Senate Bill 188 Closes Loophole Permitting Parental Access to Children’s Healthcare Records

Senate Bill 188 Closes Loophole Permitting Parental Access to Children’s Healthcare Records

As the parent of a child with special needs, you must access your child’s healthcare records for various reasons. You may need access to medical records to manage your child’s medical needs or seek out new healthcare providers. You may need those records to submit or handle coverage disputes with insurance companies. Although parents should be able to access medical records for their minor children easily, this process is not always as straightforward as one might assume.

Accessing Children’s Healthcare Records

Up until recently, many parents of children with special needs were shocked to find out that after their children turned 12 years old, they needed their children’s consent to access their medical records. Under previous Illinois law, minor children between ages 12 and 17 had to consent to release their healthcare records to their parents. While this legal requirement typically was not an issue for children without cognitive limitations, it presented far greater barriers for children who had no legal capacity to consent.

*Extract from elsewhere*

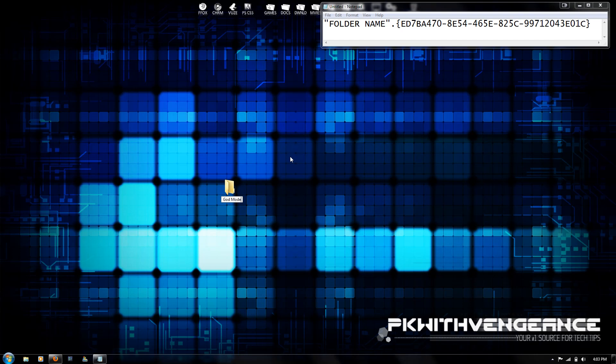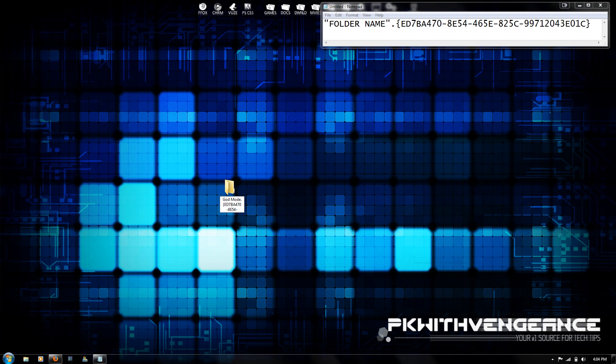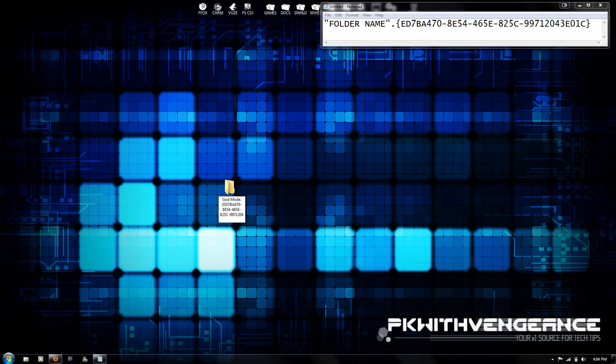Then you're going to want to type period, then curly bracket, and then capital ED7BA470-8E54-465E-825C-99712043E01C, and then another curly bracket close symbol. Now just press enter.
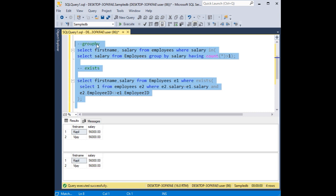First, we have used group by clause with count function. And second method we have used the exists function without using the count function.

Therefore, if their children didn’t have the legal capacity to consent to release their medical records, the parents’ only recourse was to get a court order to allow them access to their children’s records. This time-consuming and expensive process was yet another burdensome barrier for families with children with special needs. Fortunately, one mother of a child with Down’s Syndrome worked with her local state senator to close this loophole in the law and make life easier for families like hers to access their children’s medical records.

Deborah Gossrow Took Action

After Deborah Gossrow had to get a court order to make an appointment with a local hospital lab to see her 16-year-old son with Down’s Syndrome, she reached out to Senator Steve McClure (R-Springfield) to find a legislative solution. McClure stated that while getting initial momentum to support the bill was challenging, support quickly grew once other legislators began hearing Deborah’s story. As a result of Deborah’s efforts, Governor J.D. Pritzker signed Senate Bill 188 into law, effective January 1, 2024.

Senate Bill 188 amends the Consent by Minors to Health Care Services Act, 410, ILCS 210/2, to state that: “A parent who consents to the performance upon the parent’s child of a health care service under this Section shall be entitled, upon request, to inspect and copy the part of that child’s records related to the specific health care service for which the parent is treated as the child’s personal representative under HIPAA, 45 CFR 164.502(g).”

The bill also amends the Mental Health and Developmental Disabilities Confidentiality Act, 740 ILCS 110/4, to add that the personal representative of a recipient under HIPAA, regardless of the age of the recipient, shall be entitled to, upon request, inspect and copy a recipient’s record or any part thereof.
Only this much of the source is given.